To integrate Amazon S3 data into Panoply using default selections, complete the following steps. For more advanced options, complete the following and refer to the subsequent sections for detailed information.

  1. Click Data Sources in the navigation menu.
  2. Click the Add Data Source button.
  3. In the Data Sources – Choose Source Type window, select Amazon S3. Amazon S3 is listed under Most Popular and Files & Services.
  4. In the Data Sources – Amazon S3 screen, enter the address of your S3 bucket.
  5. Enter your AWS Access Key and AWS Access Secret, and then click Next.
  6. Select the files to import from your bucket.
  7. Enter a destination table name. This data source does not have a default destination.
  8. (Optional) To customize the ingestion from your data source, review the advanced options.
  9. Click Collect.

The Data Sources – Amazon S3 window will appear grayed out while the data integration is pending. A small green progress bar appears below Amazon S3.

You will be prompted to set up the integration of another data source. You can set up multiple data integrations without impacting the ingestion of the already scheduled or pending data integrations.

From the Data Sources main menu, you can monitor the data ingestion status of the scheduled and pending data integrations. After the data ingestion is complete, you can clean or transform your data in the Tables menu.

Advanced Options

Clicking Show next to Advanced will expand the Data Sources - Amazon S3 window to include Primary Key, Incremental Key, Delimiter, Exclude, Parse string, and Truncate table.

  • Primary Key - Default is id.

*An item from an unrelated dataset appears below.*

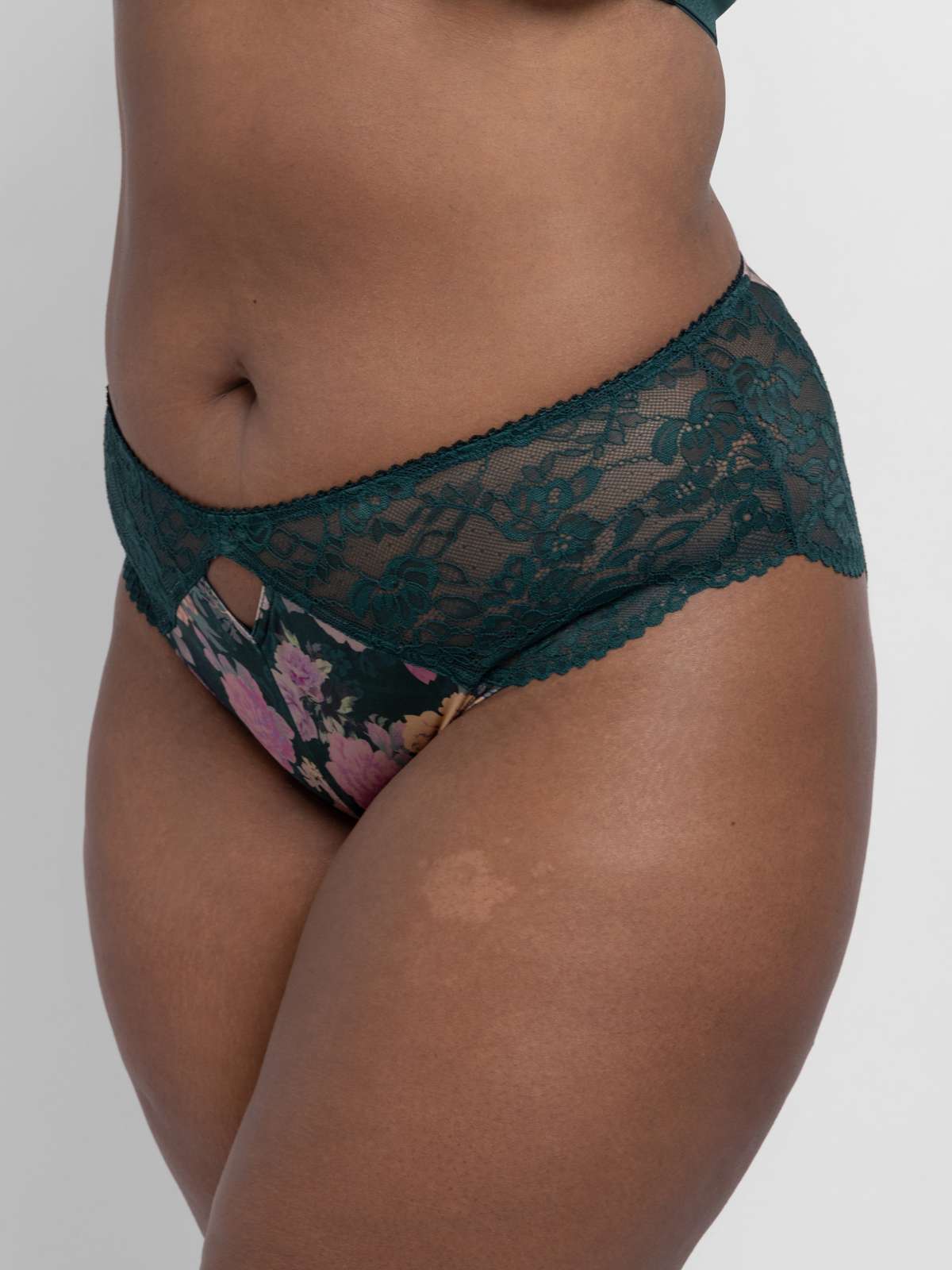 Anahi Floral Hipster Classic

The primary key here determines which field to use as the deduplication key when ingesting data. If no id field is present in the data source, Panoply will generate a unique id for each record. You can also set the primary key using one or more fields from your data surrounded by curly brackets. For example, {field1} or {field1)_{field2}. Read more about primary keys.

  • Delimiter - If you have a character-delimited file, indicate the delimiting character. Comma and tab delimiters are detected automatically.

FAQs

Q: How do I automatically ingest new and modified files?

To automatically ingest new files that are added to an S3 bucket and modified files, select All in the file selector when setting up your data source.

If your bucket includes files that you do not want to ingest, you can use one of these approaches:

  • Use a different S3 bucket
  • Use a different folder in the same bucket
  • Use the file selector search to identify the relevant files based on naming convention, and select All

Data Schema

The data schema in Panoply will reflect the data schema from the S3 source. Additionally, Panoply includes these metadata columns in the destination table: __senttime, __updatetime, __s3bucket, and __s3key. The last two metadata columns are unique to the Amazon S3 data source.

  • __s3bucket - The source S3 bucket for the record.
  • __s3key - The source file name in S3 for the record.